# Back from Yosemite!



## Explorinator (Jul 6, 2004)

We spent Two nights in Yosemite with full hookups at 1000 Trails. What a great first trip!







The TT performed awesome! (I did have to tape and tighten all the fittings under the kitchen sink.) Luckily I had a sponge and a mop.







It was a great first trailer experience. We all three had a wonderful time. We chose to leave early and move to Kings Canyon, only because 9 hours in the car was too much for the little one. Six hours to Sequoia/Kings is much better. We dry camped for two days and that was great too! Backed the trailer right on in.







Practicing out in front of the house was definitely a life saver. There is still a lot to learn about climbing steep windy roads though.







The tow vehicle did awesome. A great hitch setup is really key! Can't wait to fill you in on the next one.

I still couldn't believe my wife had never played Scrabble.









Qerted is a word, Isn't it?


----------



## California Jim (Dec 11, 2003)

Awsome deal John, and glad to hear the trip went well. We enjoyed Yosemite Lakes this summer and will go back again next year. Funny you should mention it but one of our waste fittings under the kitchen sink went loose while we were there too and made a puddle







Easy enough fix though with no tools required.


----------



## NDJollyMon (Aug 22, 2003)

Glad you had a nice trip.


----------



## kjp1969 (Apr 25, 2004)

> Funny you should mention it but one of our waste fittings under the kitchen sink went loose while we were there too and made a puddle


Ditto here- mine was barely hand tight when I checked it. I wonder who they have assembling drain pipes over there at the factory?

Kevin P.


----------



## Mgonzo2u (Aug 3, 2004)

Thousand Trails at Yosemite Lakes was our last trip in our '03 Wanderer 179UD TT before moving up to the new OB 21RS. We made that last voyage on 6/25-6/30/04. We enjoyed the 30 min drive into the park to visit with my wifes brother and his family on the valley floor.

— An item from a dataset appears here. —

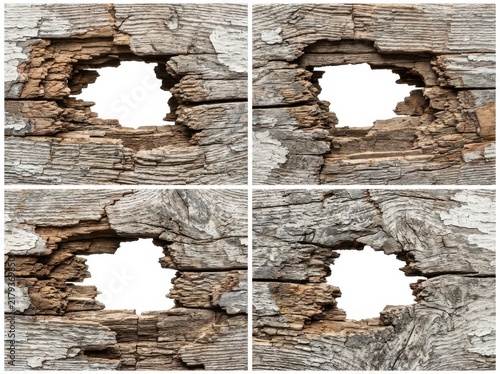 A quad-panel collage showcasing severely weathered, aged wood with intricate holes and rough textures against a stark white background. Ideal for rustic themes, decay, or unique frame elements.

We look fwd to going back to Yosemite Lakes next year but this time we are just going to rent one of the Yurts and save on the gas from So Cal.


----------



## California Jim (Dec 11, 2003)

Hey Gonzo, we just missed you there after staying a week and leaving on June 19th.


----------



## Mgonzo2u (Aug 3, 2004)

CA Jim,

Are you a Thousand Trails member?

We have been since 06/03. We camp alot at the Idyllwild preserve (our local favorite) and just enjoyed our first stay at Pio Pico down in San Diego.


----------



## California Jim (Dec 11, 2003)

Yes we are members since the begining of this year. We also love the Idyllwild preserve and were there last month. Never been to Pio Pico yet. Our next trip will be to the Rancho Oso location by Santa Barbara in October. Although we are toying with the thought of doing another local run before school starts on Sept. 7th.

We should hook-up sometime with the other S-Cal locals.


----------



## Mgonzo2u (Aug 3, 2004)

CJ,

The fact that you are a TT member is excellent news.

I would definately like to get together with you and other So Cal locals.

Our home TT preserve is Wilderness Lakes but its not very enjoyable in the summer months, i.e., the dairy farm and the alfalfa fields yield ungodly fly infestations. However, it is fun to fish and swim there in the other seasons. The fact that is closer to us than most of the other preserves is a big reason for us going there.

You can find us in Idyllwild at least 1x a month. We will definately go back to Pio Pico as it was only about a 2 hour drive down there from Orange County on a Friday night after leaving home about 7:30pm. Very easy to get to.

We visited Rancho Oso back in 08/03 but it was very hot and dusty at that time. I think if we have a mild October, you will be very happy with your planned trip. We love the fact that you are only about 30 minutes from the tourist beach strip and pier in Santa Barbara (we love it there).

I haven't been to Soledad Canyon yet but some other TT members I have talked to say it's one of the nicer preserves and always has a space for you.

Anyway, I look forward to crossing paths with you some day down the road.


----------



## newbie_outbacker (Aug 24, 2004)

Good to hear you enjoyed your trip. We made our maiden voyage in our new 2005 26RS this week. We stayed at the Pacific City Preserve in N. Oregon. We used the dealer promotional offer for 1000 Trails - 4 Days 3 Nights. We didn't even get the tour. The promo card said the husband and wife were both "requested to attend". he sales guy wasn't too excited when the wife opted out of his presentation. I said that we wouldn't purchase after only seeing 1 site anyway. He said enjoy the rest of your stay. LOL
Pacific city is a beautiful site, and the weather cleared on the 2nd day. I would highly recomend it to all the 1000 trail members.
As for our maiden voyage, our lil house performed admirably. We quickly learned about Grey water management...sewer for members only. The mini blinds are worthless...LOL. There is way more storage than needed. And my 2000 Mountaineer is fine pulling it!!! Though the WD setup was a pain in the behind. I stopped by the dealer's on the way home and he said he would fix my setup for me.


----------